The county will give us one ornamental native shade tree in the pocket park at Lanier Dr and 3rd Ave, five feet behind the Lanier Dr guardrail. As this is not a priority location, they will use a tree freed up by cancellations, but have tentatively scheduled a blackgum. If that isn’t available, they will pick a native with either flowers or attractive fall foliage. This plan was approved by the neighborhood Community Design committee.

Casey Trees has not yet removed the stakes and straps on the trees they planted in spring 2021 for reasons related to the pilot nature of the project that year. However they will remove them when they take the stakes and straps for trees they planted this past spring.

Finally, some of our Yellowwood street trees bloomed for this first time this year. This is a relatively rare tree and I had never seen it in its full glory. The photo above is a closeup of one on Elkhart St.
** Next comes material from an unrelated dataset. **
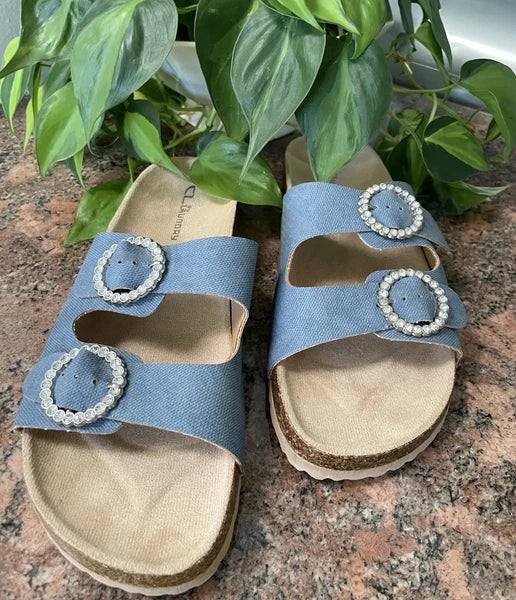 womens ortho Style sandals size 9.5-Blue w/Rhinestone Accent~Never Worn~comfy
— Phyllida Paterson, Tree Committee

New Neighborhood Street Trees

A new street tree on Lanier Dr

Casey Trees was in the neighborhood last month, planting our latest batch of street trees in cooperation with the county, courtesy of a Chesapeake Bay Foundation grant.
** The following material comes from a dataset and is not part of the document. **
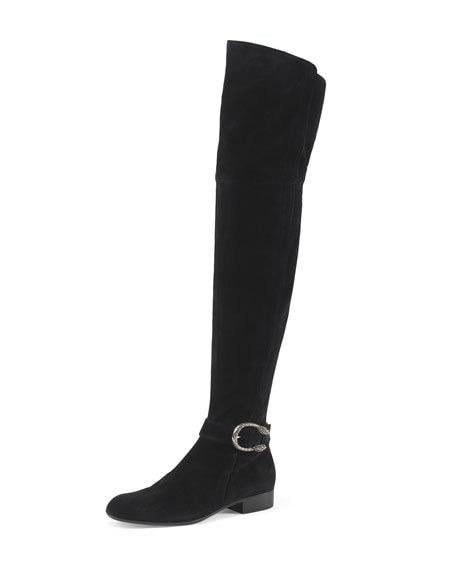 Gucci Dionysus Suede Over-The-Knee Boot Nero  over the knee boots fall 2016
You’ll see new trees on 2nd, 3rd, Elkhart, Luzerne, Lanier, Louis, Glen Ross, Glenridge, Hanover, Rookwood, and Stratton. Some less-common species we are getting this year include a black willow on Hanover St and a bald cypress on Glen Ross near the 5-way intersection.

The Tree Committee is starting to collect names for the next round of plantings to go in this fall or next spring. If you want a new street tree or trees and think you have the space, contact the Tree Committee.

Special thanks to Casey Trees and county arborist Jack Pond. Jack inspects, chooses species, and coordinates with Casey Trees. Casey Trees applied for the grant and does the planting.

Seminary Road Intersection Report

by Merrie Blocker, Traffic and Safety Committee

The intersection road changes came to conclusion in record time due to reduced traffic during the last 10 months. A few items remain:

  1. Montgomery County put in wrongly named street signs. On a walk through the intersection, neighborhood representatives and the county agreed on the correct signage, which should be installed in the next few months. Thanks to Gus Bauman for his help on getting the county to focus on this mistake.

  2. The Linden Civic Association and the NWCA worked together to obtain a sidewalk behind Sniders on the south side of Seminary Place. That sidewalk should also be installed in the next few months.

  3. NWCA is following up on county plans for maintaining the new plants and trees placed around the intersection. Phyllida Paterson of our Tree Committee will be working on this.

Street-Tree Report

by Phyllida Paterson, Tree Committee

Montgomery County arborists are partnering with local nonprofit Casey Trees to offer us expedited planting of free street trees in spring 2021. New street trees are planted in the right-of-way at least 25 feet from existing street trees and 10 feet from driveways. If Pepco distribution lines stretch overhead, trees must be “minor,” or small; otherwise they must be “major,” or shade trees.

Homeowners eligible for new trees may choose a first and second choice of species from a fairly broad list, which includes native species and a range of heights within the tree categories.

Since last year, COVID-related budget constraints have limited the tree-planting budget. Usually the county hires contractors to plant our trees. However in 2020, county arborists began partnering with nonprofit Casey Trees, which planted 15 saplings in our neighborhood (four others are pending) at low cost to the government. This arrangement continues in spring 2021. Casey Trees has provided excellent service to NWCA residents who received their trees, and consistently works hard to increase tree canopy throughout the DC area. Please keep Casey Trees in mind if you are donating to environmental causes this year.

If you think you are eligible for one or more new street trees and want to participate in our group request, contact the Tree Committee as soon as possible. Quantities may be limited. If you have a dead or dying street tree, please call 311 to request removal, which will open space for a replacement in the future.